→ **Aim of the task**
Every line of the listing below should come back exactly as written, with no images.

→ **Supplied information**
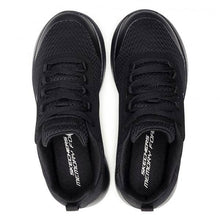 Load image into Gallery viewer, DYNAMIGHT SHOES - Allsport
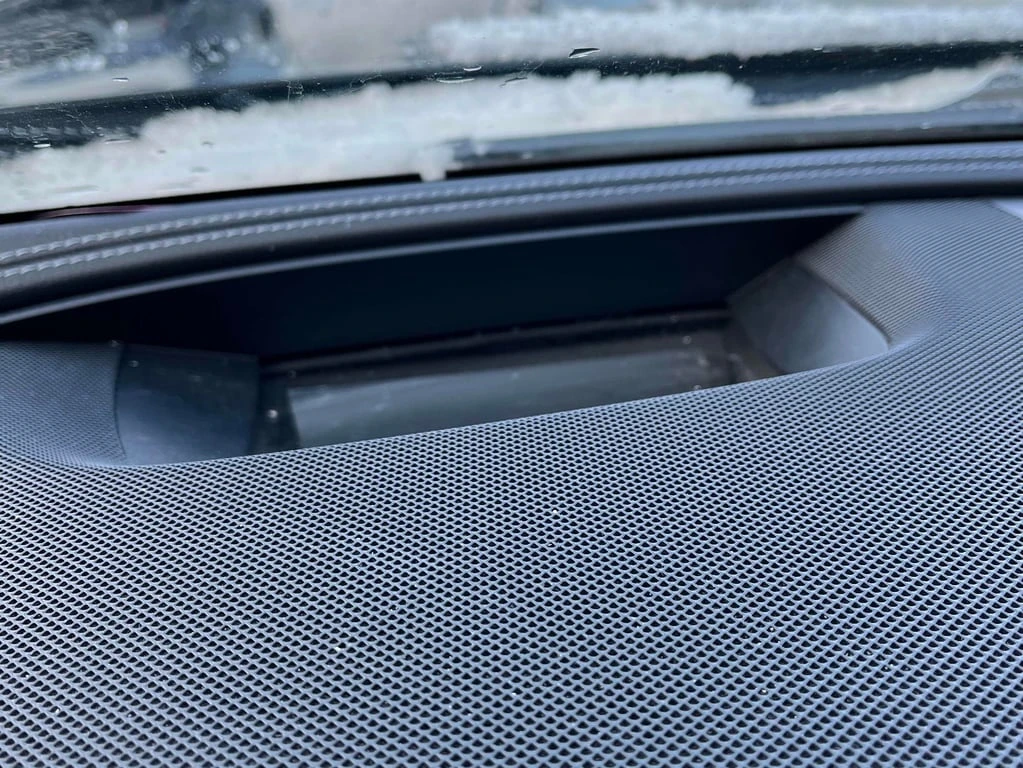 Mercedes-Benz E 450 * CARFAX * ��� ������������ ������ | Mobile.bg � ����������� 14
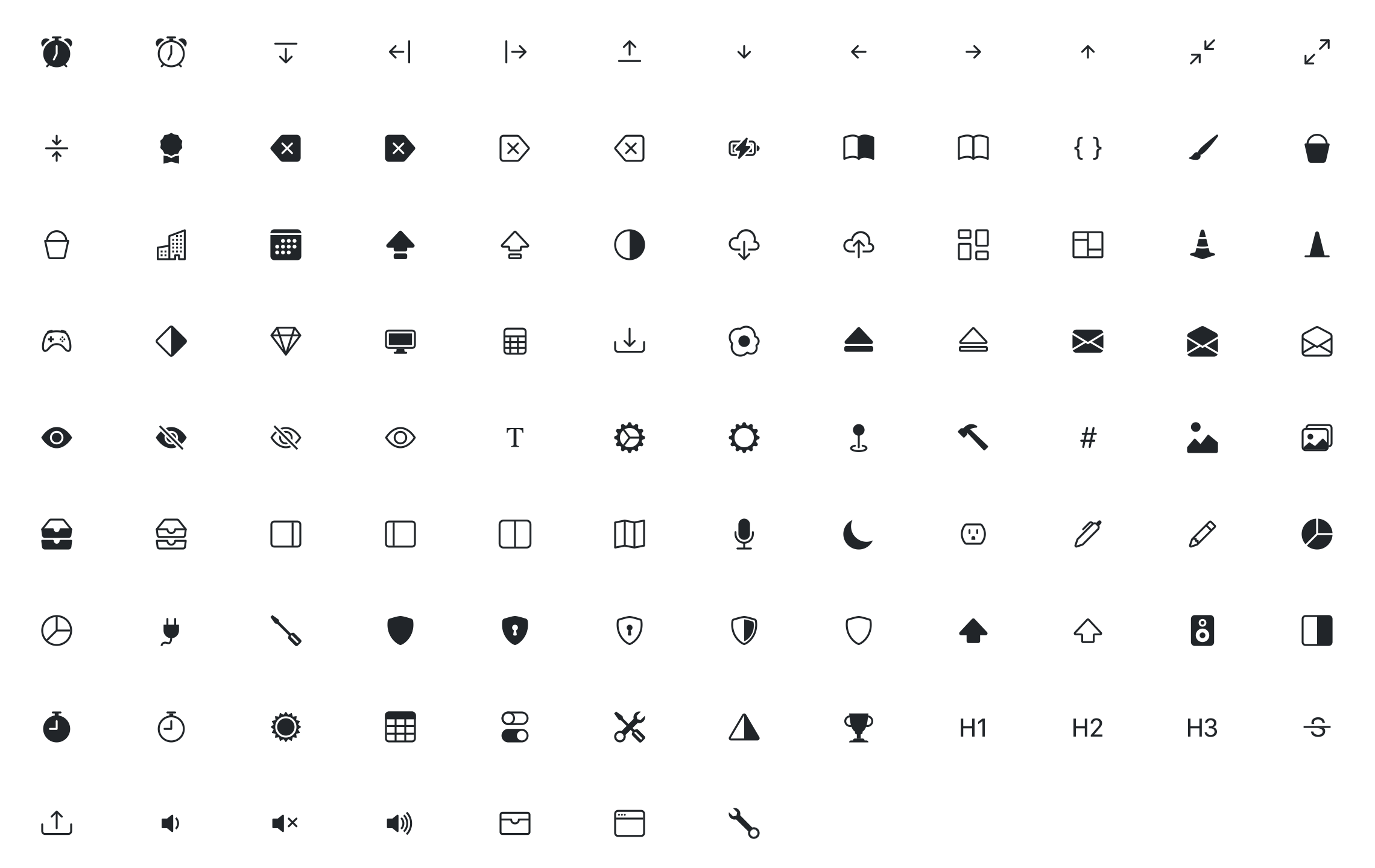 87 Icon Png Bootstrap Download 4kpng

→ **Response to this exercise**
 Load image into Gallery viewer, DYNAMIGHT SHOES - Allsport
 Mercedes-Benz E 450 * CARFAX * ��� ������������ ������ | Mobile.bg � ����������� 14
 87 Icon Png Bootstrap Download 4kpng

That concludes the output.